The court asked the Federal Highway Administration to further justify its method of cost analysis, and Maine DOT said it is confident that the request will not stand in the way of moving forward with replacement.

“Yesterday’s ruling affirms that there is no merit to the factual arguments the plaintiffs have been making regarding specific construction costs and the approach MaineDOT used to develop cost estimates,” reads the Maine DOT’s statement, in part. “The Court’s opinion makes clear what MaineDOT and the Federal Highway Administration (FHWA) already knew: the cost of rehabilitating the Frank J. Wood Bridge is much greater than the cost of replacing it.

“To finalize this matter, the Court is requiring one additional factual finding, but we are confident that the result will be the same: the villages of Brunswick and Topsham are going to be connected by a new, safer bridge that better serves all users, including pedestrians and bicyclists. MaineDOT will work with our partners at FHWA to satisfy the Court’s instruction in short order. With all the community and municipal support to move forward with the new bridge, we hope there are no additional attempts to delay the project with new legal challenges.”

Maine DOT said it expects to advertise for construction bids on a new bridge in the spring. Maine DOT declined to comment further Wednesday.

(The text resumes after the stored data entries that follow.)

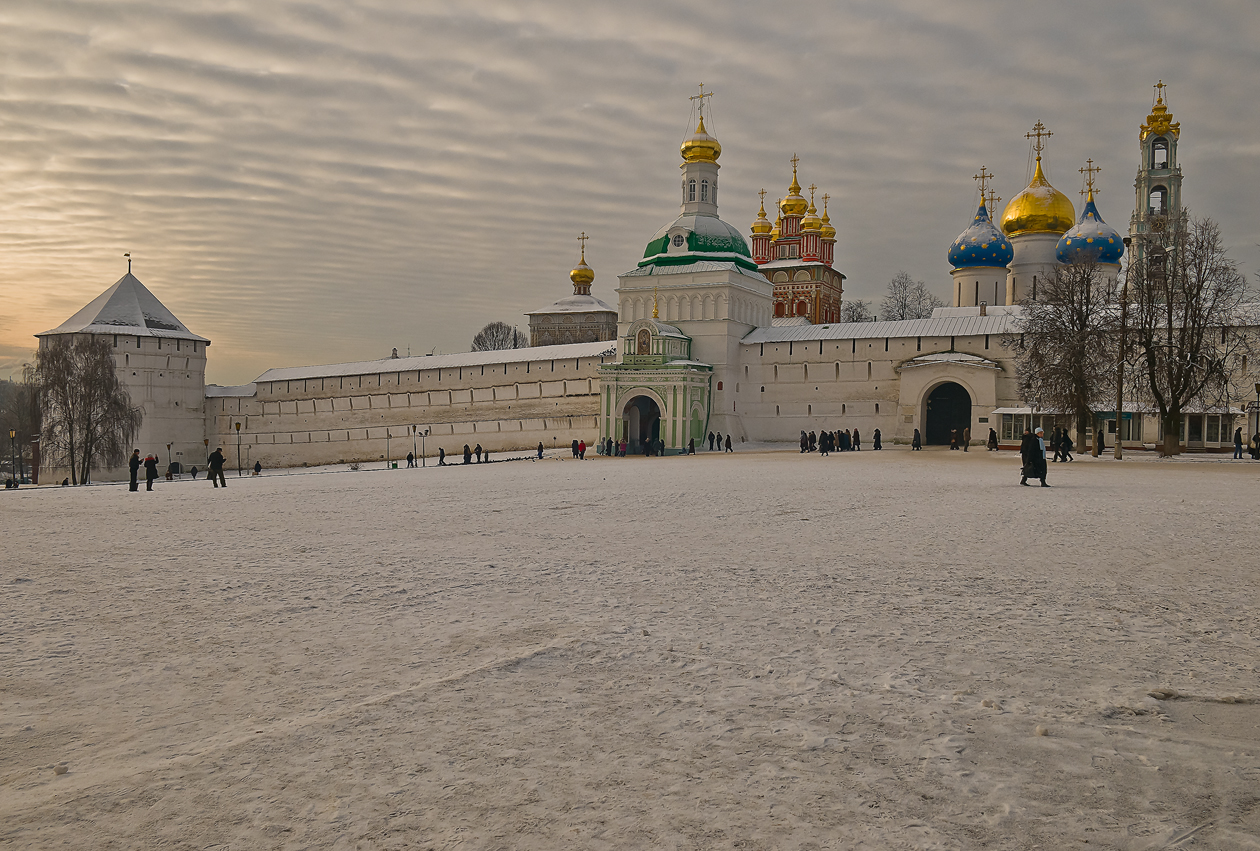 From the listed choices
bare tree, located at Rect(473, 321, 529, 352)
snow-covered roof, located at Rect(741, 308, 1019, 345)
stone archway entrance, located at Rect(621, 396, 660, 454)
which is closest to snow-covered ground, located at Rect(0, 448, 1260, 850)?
snow-covered roof, located at Rect(741, 308, 1019, 345)

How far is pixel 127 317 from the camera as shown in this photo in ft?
155

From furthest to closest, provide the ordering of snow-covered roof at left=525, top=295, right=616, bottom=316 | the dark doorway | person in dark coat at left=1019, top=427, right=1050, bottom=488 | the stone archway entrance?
snow-covered roof at left=525, top=295, right=616, bottom=316
the stone archway entrance
the dark doorway
person in dark coat at left=1019, top=427, right=1050, bottom=488

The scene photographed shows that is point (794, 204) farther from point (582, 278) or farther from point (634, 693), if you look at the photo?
point (634, 693)

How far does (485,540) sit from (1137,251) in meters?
35.3

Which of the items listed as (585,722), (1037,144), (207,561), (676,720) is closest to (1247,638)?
(676,720)

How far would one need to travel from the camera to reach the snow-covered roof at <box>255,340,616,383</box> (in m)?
41.3

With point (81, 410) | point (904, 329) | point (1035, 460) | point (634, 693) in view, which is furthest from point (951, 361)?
point (81, 410)

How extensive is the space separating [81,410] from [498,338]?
4136 centimetres

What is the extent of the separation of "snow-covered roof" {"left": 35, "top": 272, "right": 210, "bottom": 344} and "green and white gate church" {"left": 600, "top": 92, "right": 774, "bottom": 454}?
79.2ft

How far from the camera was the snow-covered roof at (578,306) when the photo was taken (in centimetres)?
6106

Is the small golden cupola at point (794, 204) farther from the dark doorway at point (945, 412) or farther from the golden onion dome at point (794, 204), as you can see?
the dark doorway at point (945, 412)

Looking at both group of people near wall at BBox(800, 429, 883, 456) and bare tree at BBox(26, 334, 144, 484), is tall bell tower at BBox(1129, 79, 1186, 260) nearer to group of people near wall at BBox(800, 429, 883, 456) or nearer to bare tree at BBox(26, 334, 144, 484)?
group of people near wall at BBox(800, 429, 883, 456)

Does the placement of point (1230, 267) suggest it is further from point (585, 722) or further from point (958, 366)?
point (585, 722)

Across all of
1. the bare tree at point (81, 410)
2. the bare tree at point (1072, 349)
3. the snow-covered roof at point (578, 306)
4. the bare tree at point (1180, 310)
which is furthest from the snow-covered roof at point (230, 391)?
the bare tree at point (1180, 310) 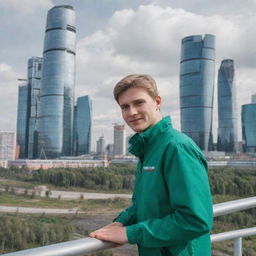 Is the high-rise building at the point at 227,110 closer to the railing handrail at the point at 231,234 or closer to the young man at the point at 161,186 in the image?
the railing handrail at the point at 231,234

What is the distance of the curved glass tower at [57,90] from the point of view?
214ft

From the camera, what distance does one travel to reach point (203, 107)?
61.8 m

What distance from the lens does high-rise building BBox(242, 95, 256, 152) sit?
71562 millimetres

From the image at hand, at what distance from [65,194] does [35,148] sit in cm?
4339

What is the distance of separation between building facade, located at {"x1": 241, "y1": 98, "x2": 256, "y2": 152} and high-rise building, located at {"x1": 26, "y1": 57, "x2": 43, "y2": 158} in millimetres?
54166

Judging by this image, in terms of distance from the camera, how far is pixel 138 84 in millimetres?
1146

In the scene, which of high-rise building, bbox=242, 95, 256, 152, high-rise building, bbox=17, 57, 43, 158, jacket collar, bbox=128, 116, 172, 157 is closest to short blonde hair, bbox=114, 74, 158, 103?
jacket collar, bbox=128, 116, 172, 157

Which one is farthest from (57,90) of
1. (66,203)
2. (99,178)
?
(66,203)

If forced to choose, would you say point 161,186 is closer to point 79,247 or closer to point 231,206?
point 79,247

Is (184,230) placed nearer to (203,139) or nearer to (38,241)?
(38,241)

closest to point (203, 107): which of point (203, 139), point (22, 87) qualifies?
point (203, 139)

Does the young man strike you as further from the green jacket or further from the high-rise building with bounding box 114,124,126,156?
the high-rise building with bounding box 114,124,126,156

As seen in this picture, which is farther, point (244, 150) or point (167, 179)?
point (244, 150)

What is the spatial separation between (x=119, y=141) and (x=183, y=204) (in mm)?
99555
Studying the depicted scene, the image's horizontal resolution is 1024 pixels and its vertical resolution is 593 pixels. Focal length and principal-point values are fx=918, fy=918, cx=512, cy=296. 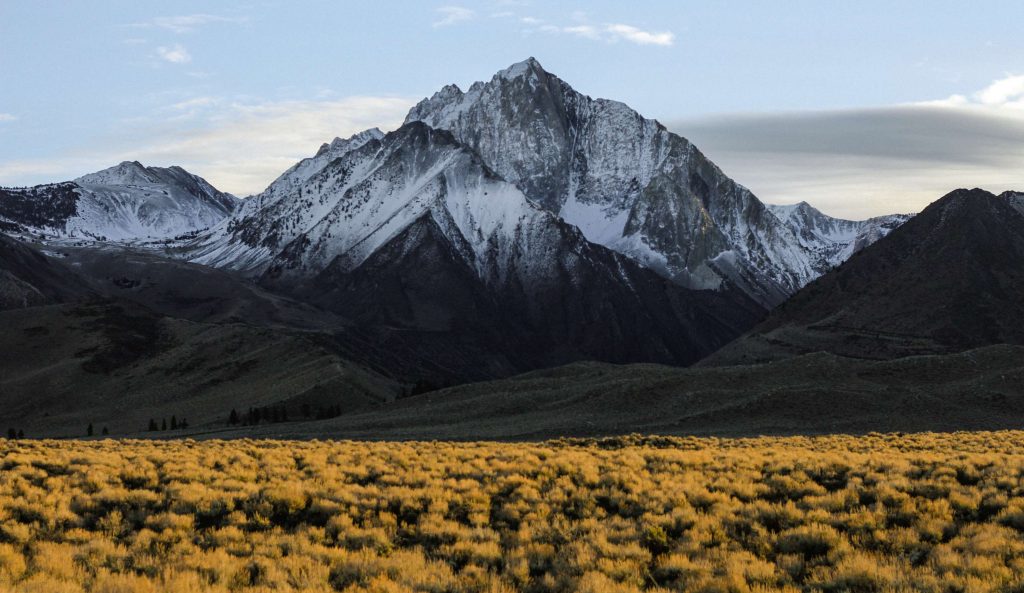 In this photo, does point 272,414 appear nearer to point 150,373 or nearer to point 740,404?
point 150,373

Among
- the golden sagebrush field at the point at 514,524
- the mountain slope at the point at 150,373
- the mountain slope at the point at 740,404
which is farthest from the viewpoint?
the mountain slope at the point at 150,373

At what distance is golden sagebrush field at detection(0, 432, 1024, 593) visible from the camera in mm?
15352

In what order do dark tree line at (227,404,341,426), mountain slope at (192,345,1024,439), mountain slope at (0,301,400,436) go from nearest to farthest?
1. mountain slope at (192,345,1024,439)
2. dark tree line at (227,404,341,426)
3. mountain slope at (0,301,400,436)

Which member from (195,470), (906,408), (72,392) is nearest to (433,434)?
(906,408)

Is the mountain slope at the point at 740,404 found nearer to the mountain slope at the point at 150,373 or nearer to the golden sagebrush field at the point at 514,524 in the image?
the mountain slope at the point at 150,373

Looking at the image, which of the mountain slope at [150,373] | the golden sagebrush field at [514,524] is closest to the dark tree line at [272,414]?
the mountain slope at [150,373]

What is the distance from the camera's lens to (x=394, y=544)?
61.2 ft

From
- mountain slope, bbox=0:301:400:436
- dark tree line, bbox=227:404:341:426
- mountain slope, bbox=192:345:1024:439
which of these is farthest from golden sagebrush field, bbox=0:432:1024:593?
mountain slope, bbox=0:301:400:436

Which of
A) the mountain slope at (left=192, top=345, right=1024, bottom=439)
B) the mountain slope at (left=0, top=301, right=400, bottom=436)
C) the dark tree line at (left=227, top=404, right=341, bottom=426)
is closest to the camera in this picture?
the mountain slope at (left=192, top=345, right=1024, bottom=439)

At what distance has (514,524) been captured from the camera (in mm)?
20438

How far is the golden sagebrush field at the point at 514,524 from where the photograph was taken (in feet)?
50.4

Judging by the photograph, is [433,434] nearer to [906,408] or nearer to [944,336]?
[906,408]

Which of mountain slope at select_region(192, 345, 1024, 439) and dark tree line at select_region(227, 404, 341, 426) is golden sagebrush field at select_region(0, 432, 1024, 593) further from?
dark tree line at select_region(227, 404, 341, 426)

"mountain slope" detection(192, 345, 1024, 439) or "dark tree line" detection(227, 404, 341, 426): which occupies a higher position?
"mountain slope" detection(192, 345, 1024, 439) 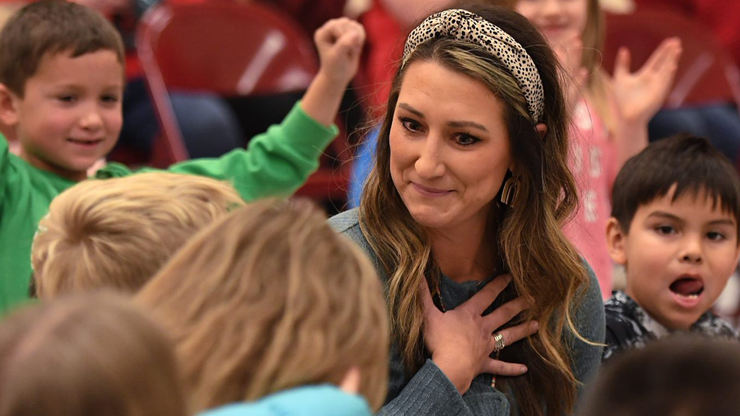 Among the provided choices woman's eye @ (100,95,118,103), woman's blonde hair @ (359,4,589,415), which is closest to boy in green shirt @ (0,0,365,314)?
woman's eye @ (100,95,118,103)

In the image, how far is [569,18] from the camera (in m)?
2.91

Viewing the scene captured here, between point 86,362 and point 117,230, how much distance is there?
1.99ft

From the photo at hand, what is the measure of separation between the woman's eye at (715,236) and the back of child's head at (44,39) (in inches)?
57.1

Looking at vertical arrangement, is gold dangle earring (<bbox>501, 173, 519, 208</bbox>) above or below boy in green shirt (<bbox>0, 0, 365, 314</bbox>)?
below

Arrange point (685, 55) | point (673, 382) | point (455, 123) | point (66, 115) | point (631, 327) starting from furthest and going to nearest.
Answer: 1. point (685, 55)
2. point (66, 115)
3. point (631, 327)
4. point (455, 123)
5. point (673, 382)

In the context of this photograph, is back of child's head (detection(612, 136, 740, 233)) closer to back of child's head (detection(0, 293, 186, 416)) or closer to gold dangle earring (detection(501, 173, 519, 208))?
gold dangle earring (detection(501, 173, 519, 208))

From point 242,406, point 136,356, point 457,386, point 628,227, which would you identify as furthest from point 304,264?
point 628,227

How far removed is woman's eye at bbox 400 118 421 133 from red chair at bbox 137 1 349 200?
151 cm

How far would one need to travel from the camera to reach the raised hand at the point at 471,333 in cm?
170

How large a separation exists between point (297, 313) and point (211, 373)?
0.35ft

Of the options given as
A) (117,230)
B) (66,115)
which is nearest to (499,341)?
(117,230)

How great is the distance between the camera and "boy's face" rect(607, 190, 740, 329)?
2148 mm

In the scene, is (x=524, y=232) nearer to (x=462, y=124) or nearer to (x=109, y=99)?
(x=462, y=124)

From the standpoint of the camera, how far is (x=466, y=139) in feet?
5.83
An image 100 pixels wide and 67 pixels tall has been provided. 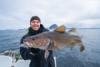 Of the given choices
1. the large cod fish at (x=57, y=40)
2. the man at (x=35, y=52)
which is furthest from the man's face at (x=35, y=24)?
the large cod fish at (x=57, y=40)

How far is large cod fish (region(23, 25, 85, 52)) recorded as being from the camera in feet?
14.7

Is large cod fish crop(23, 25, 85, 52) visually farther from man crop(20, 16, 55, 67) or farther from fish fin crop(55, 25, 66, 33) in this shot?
man crop(20, 16, 55, 67)

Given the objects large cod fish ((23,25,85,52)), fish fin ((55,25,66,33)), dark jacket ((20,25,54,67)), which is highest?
fish fin ((55,25,66,33))

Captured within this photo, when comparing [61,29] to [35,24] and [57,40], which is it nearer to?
[57,40]

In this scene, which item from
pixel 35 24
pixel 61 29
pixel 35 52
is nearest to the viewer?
pixel 61 29

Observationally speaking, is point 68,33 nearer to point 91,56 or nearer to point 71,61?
point 71,61

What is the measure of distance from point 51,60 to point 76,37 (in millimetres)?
1176

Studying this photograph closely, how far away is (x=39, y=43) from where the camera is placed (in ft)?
14.7

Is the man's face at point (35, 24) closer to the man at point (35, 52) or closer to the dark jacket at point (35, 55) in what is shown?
the man at point (35, 52)

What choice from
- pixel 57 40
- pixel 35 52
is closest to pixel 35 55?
pixel 35 52

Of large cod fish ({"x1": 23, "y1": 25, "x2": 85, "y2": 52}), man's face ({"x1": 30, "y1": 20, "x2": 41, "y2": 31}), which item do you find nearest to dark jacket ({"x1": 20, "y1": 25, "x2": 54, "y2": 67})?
man's face ({"x1": 30, "y1": 20, "x2": 41, "y2": 31})

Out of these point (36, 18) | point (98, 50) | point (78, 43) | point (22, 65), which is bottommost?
point (98, 50)

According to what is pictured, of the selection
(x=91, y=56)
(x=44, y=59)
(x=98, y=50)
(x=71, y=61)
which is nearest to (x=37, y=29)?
(x=44, y=59)

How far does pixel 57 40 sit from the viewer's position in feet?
14.9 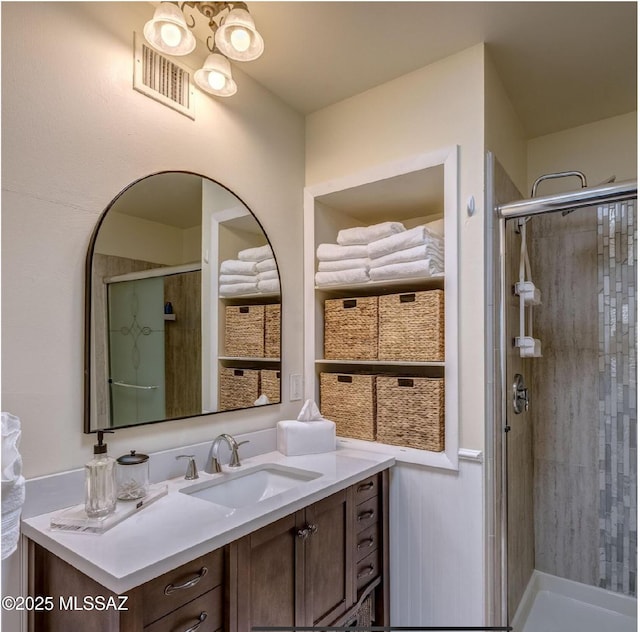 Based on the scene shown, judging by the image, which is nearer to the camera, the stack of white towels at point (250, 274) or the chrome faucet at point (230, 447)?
the chrome faucet at point (230, 447)

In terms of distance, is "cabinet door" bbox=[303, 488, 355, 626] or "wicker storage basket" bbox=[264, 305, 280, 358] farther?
"wicker storage basket" bbox=[264, 305, 280, 358]

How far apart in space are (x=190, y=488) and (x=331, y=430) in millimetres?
658

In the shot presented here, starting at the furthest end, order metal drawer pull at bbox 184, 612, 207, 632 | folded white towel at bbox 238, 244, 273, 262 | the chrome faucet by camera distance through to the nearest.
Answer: folded white towel at bbox 238, 244, 273, 262, the chrome faucet, metal drawer pull at bbox 184, 612, 207, 632

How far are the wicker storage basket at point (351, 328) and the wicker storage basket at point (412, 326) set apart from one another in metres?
0.04

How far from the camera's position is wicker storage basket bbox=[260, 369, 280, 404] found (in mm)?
1896

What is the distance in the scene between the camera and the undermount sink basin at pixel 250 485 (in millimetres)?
1513

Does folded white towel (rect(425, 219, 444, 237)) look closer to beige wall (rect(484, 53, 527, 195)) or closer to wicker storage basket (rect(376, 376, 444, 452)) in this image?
beige wall (rect(484, 53, 527, 195))

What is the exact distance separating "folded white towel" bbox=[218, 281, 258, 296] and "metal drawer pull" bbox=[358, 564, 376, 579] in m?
1.19

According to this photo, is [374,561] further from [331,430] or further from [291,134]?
[291,134]

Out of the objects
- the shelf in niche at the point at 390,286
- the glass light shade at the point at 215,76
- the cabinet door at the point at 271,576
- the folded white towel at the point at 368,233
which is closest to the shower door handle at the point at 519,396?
the shelf in niche at the point at 390,286

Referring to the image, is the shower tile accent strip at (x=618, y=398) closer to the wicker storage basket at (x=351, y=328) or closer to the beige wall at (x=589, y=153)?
the beige wall at (x=589, y=153)

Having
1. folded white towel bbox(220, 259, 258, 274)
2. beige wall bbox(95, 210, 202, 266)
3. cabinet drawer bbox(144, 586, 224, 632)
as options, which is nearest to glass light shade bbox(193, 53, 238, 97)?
beige wall bbox(95, 210, 202, 266)

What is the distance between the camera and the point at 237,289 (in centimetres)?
183

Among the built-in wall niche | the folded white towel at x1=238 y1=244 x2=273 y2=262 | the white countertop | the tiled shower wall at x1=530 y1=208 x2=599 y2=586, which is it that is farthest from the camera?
the tiled shower wall at x1=530 y1=208 x2=599 y2=586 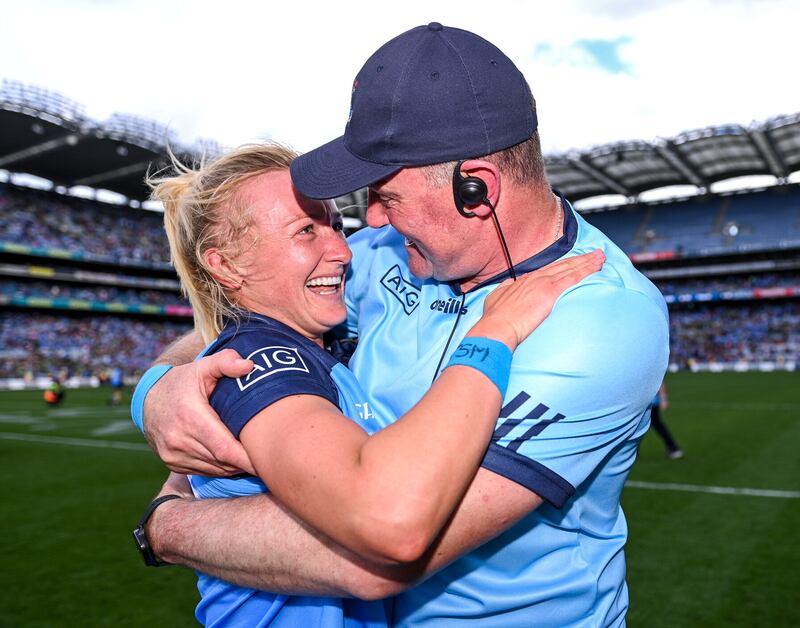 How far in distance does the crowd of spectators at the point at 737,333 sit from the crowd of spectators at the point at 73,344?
37.8 meters

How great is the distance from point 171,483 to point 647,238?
6082 centimetres

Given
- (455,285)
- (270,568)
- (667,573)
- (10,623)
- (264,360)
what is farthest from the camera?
(667,573)

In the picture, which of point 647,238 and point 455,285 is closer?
point 455,285

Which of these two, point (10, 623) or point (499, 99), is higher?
point (499, 99)

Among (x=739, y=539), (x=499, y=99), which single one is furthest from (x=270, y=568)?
(x=739, y=539)

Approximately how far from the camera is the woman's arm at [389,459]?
1.36m

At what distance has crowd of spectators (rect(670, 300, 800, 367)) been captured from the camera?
48625 mm

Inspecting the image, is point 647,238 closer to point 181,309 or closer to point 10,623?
point 181,309

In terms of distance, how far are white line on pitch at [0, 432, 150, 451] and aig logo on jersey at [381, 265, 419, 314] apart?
42.2 ft

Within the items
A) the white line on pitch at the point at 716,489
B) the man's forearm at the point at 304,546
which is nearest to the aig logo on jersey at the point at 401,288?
the man's forearm at the point at 304,546

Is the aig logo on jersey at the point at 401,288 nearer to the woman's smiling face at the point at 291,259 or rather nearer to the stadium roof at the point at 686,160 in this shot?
the woman's smiling face at the point at 291,259

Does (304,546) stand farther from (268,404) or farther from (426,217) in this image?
(426,217)

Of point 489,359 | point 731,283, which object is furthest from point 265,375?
point 731,283

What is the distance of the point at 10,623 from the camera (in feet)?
18.1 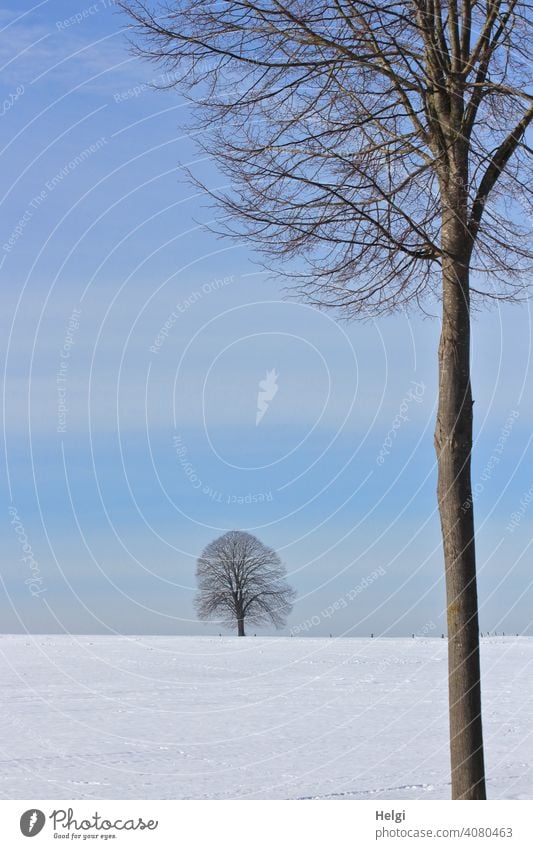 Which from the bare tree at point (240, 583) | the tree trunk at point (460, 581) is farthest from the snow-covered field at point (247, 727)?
the bare tree at point (240, 583)

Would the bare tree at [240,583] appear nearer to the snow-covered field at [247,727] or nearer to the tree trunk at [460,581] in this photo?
the snow-covered field at [247,727]

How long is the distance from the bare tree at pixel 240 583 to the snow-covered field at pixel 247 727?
50.7ft

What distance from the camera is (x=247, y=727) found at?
15.9 m

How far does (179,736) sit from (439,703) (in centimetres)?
528

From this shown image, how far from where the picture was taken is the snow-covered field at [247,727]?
38.9ft

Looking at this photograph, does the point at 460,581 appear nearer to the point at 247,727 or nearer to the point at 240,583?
the point at 247,727

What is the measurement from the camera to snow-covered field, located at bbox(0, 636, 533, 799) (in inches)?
467

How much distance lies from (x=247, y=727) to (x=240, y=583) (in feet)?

Commercial vehicles and vehicles that weigh more than 20,000 pounds are still prohibited from using the Frank J. Wood Bridge, a decision made after several inspections by the agency led to concerns about wearing and corrosion.

In a statement on Wednesday, The Friends of Frank J Wood also claimed the ruling to be a win. The organization’s president, John Graham, said that the path forward is not as clear as the Maine DOT makes it out to be.

The Friends’ interpretation of the ruling is that the Federal Highway Administration made up service life costs that Maine DOT used to justify their belief that the bridge should be replaced.

In an interview Wednesday, Graham said that the “service life costs” analysis that Maine DOT used did not align with the industry standard. Those estimates, calculated in 2017, came in at $17.3 million for the new bridge and $35.2 million for rehabilitation.

The judge has now asked for the Federal Highway Administration to review a “life cycle cost” analysis, Graham said, which under 2017 Maine DOT estimates translates to $13.7 million for the new bridge and $21 million for rehabilitation — a 53% difference.

Graham, who disagrees with both of the 2017 Maine DOT estimates, said he will push the Federal Highway Administration to conduct a new, independent analysis, which he believes will show estimates that equally favor rehabilitation.

The Frank J Wood Bridge was built in 1932. The average daily traffic for the bridge is about 19,000 vehicles.

In 2017, Friends of the Frank J. Wood Bridge, the National Trust for Historic Preservation and the Historic Bridge Foundation filed a lawsuit alleging the Federal Highway Administration and Maine DOT relied on inaccurate information to artificially inflate the projected costs of rehabilitating the existing bridge.

In February 2021 a federal judge ruled in favor of Maine DOT’s plans to replace the bridge. By March 2021, the Friends group had filed paperwork to begin its appeal of the ruling.

In November 2021, following two capacity reductions, The Times Record reported that the primary concern by Maine DOT is that the weight of a commercial vehicle could puncture the deck of the bridge and render the structure completely unusable.

This story was updated at 10:05 a.m. Jan. 6, 2022, to remove potentially inaccurate information regarding the payment of court costs.